Enemy of the Bane is the sixth and final serial of the second series of the British science fiction television series The Sarah Jane Adventures. It first aired in two weekly parts on the CBBC channel on 1 and 8 December 2008. This story was originally intended to be a crossover with the modern Doctor Who series; Russell T Davies, an executive producer of Doctor Who and creator of The Sarah Jane Adventures reveals in his non-fiction book Doctor Who: The Writer's Tale that former companion Martha Jones was intended to appear in the two-parter, but had to be replaced with classic series character Brigadier Lethbridge-Stewart (Nicholas Courtney) "at the last minute" due to Freema Agyeman's role in the ITV series Law & Order: UK, making this the last episode to have Courtney as the Brigadier prior to his death in 2011.

Plot
Mrs Wormwood is now a fugitive from her people, the Bane kindred, after being blamed for the death of the Bane Mother and the failed invasion of Earth. She is searching for the body of Horath, an immortal cyborg that was defeated and had its consciousness separated and placed at opposite ends of the galaxy 3,000 years ago.
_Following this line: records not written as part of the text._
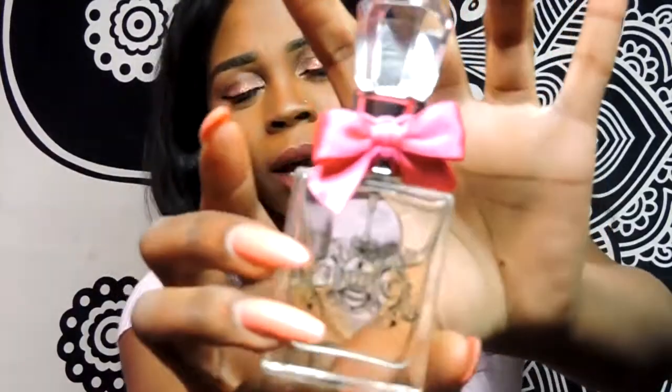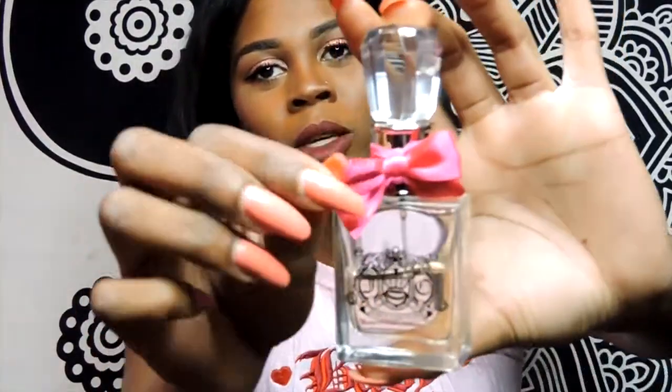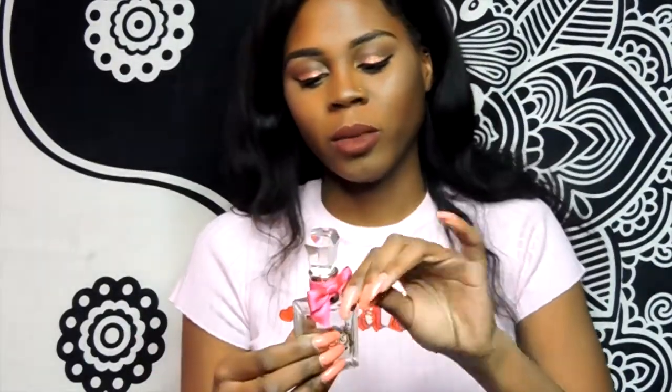My last beauty-related favorite is a perfume — it's the Juicy Couture Viva La Juicy perfume. It smells so good, so girly. The packaging is so cute — look at this little bow, it has a pink bow! If you can't tell, my favorite color is pink. This is so cute and it smells so good. That's enough with the beauty items — let's move on to the two clothing items.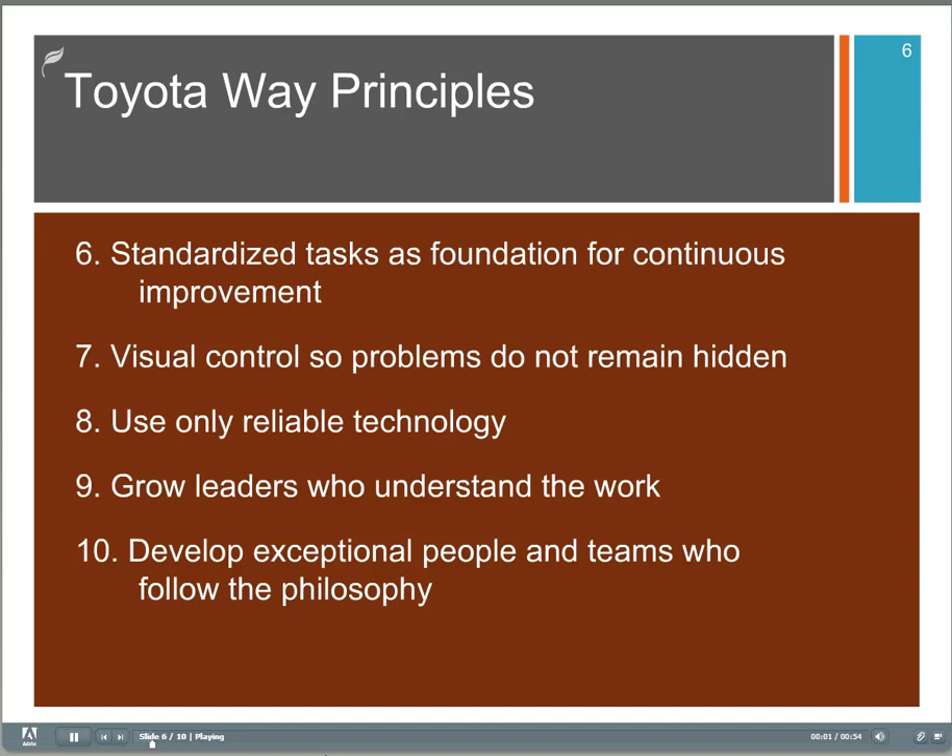Number six, standardize tasks as a foundation for continuous improvement. Number seven, visual control — we see one of the five S's is included right here. Number eight, use only reliable technology. Reliability hasn't been mentioned too much throughout this program, but it's really a fundamental underlying part of trying to improve quality and eliminate non-value-added activity.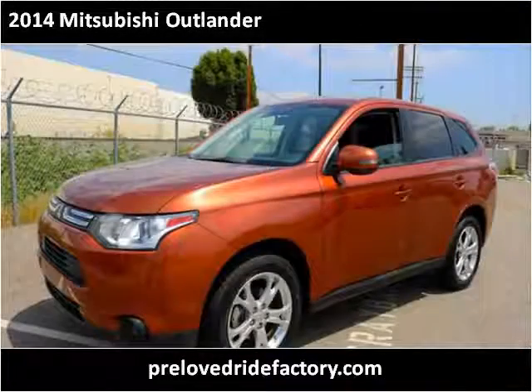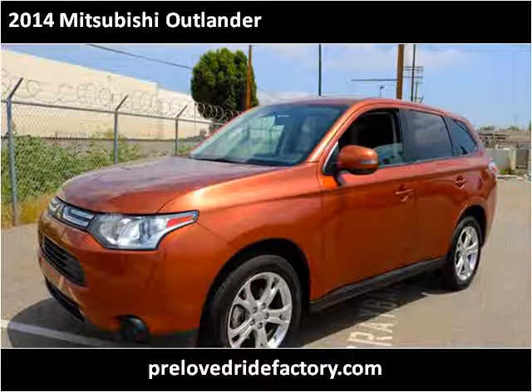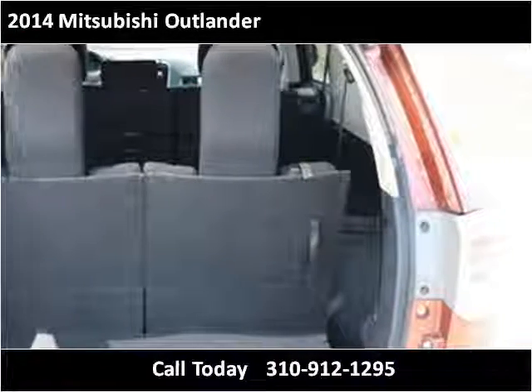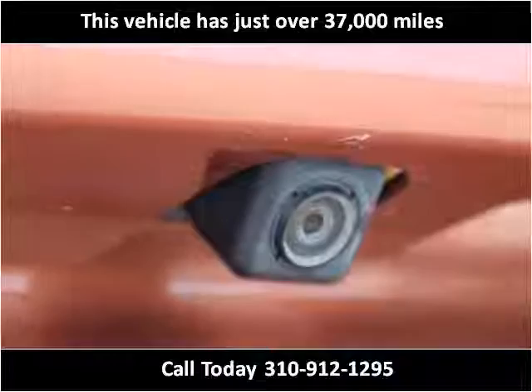This 2014 Mitsubishi Outlander is available from Preloved Ride Factory. This vehicle has just over 37,000 miles.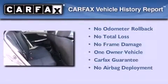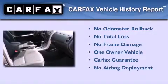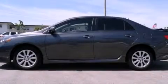This sedan has had only one owner, and it qualifies for the Carfax buyback guarantee. Contact us today to schedule your opportunity to see this automobile in person.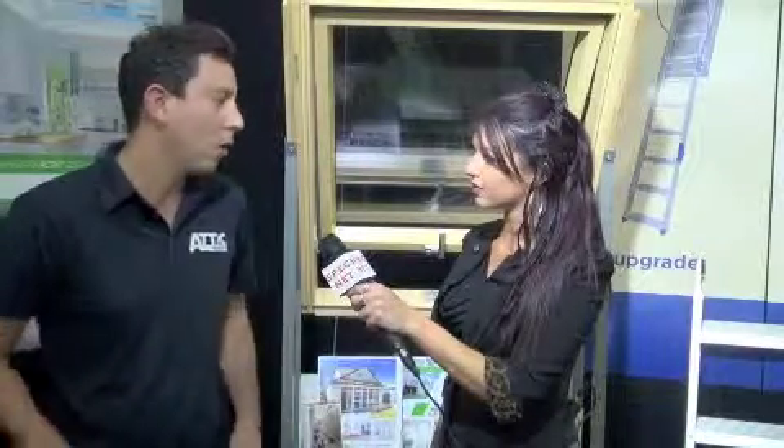And to find out some more information about Attic Ladders, how would we go about that? Well, we've got showrooms in Brisbane, Adelaide, Sydney and Melbourne. Otherwise, you can go onto our website — that's www.atticgroup.com.au. Excellent. Thank you so much and enjoy the show. Thank you.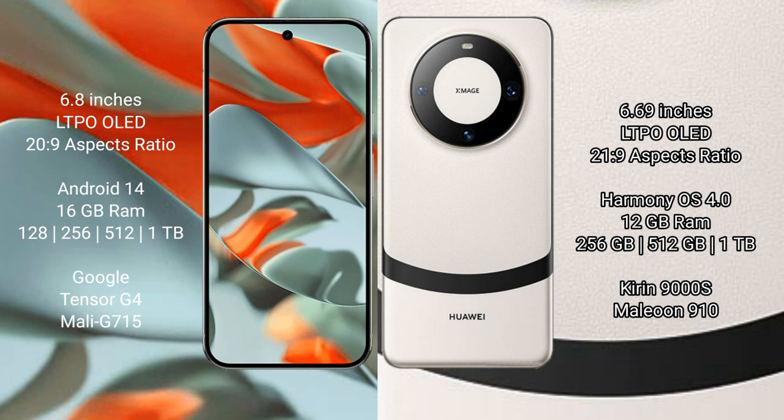The Google Pixel 9 Pro XL comes with 16GB of RAM and 256GB of internal storage.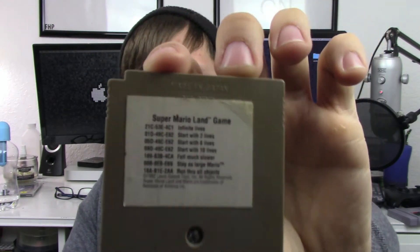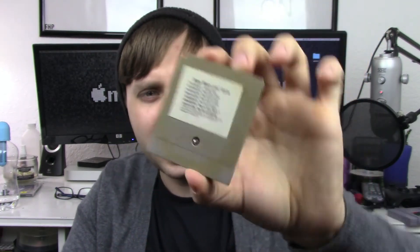We got Tony Hawk Pro Skater 2 for Game Boy Advance — a game I've wanted for a pretty long time, just never bought it and haven't really come across it, which is weird because it's a pretty common game. But Super Mario Land — very fun, I love it. And what's cool about it is there's like cheats and stuff on the back. All the games are kind of dirty, but they all worked.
Tricking Sarah Jane and her friends into finding the portal that leads to the body of Horath, Wormwood tells them that the Bane have the consciousness, when it is actually in the possession of the disgraced Sontaran commander Kaagh, now working for Wormwood as a mercenary following his defeat. 

Aided by Sarah Jane's old friend, Brigadier Lethbridge-Stewart, Sarah Jane and Rani sneak into the UNIT Black Archive, a secure storehouse of alien artefacts, to get the Tunguska scroll, which can find the Neolithic stone circle leading to the dimension where the body of Horath is kept. When the Bane find Wormwood in Sarah Jane's house, Kaagh arrives, and he and Wormwood kill them. Kaagh forces Sarah Jane to give up the scroll to Wormwood by threatening Sarah Jane's friends.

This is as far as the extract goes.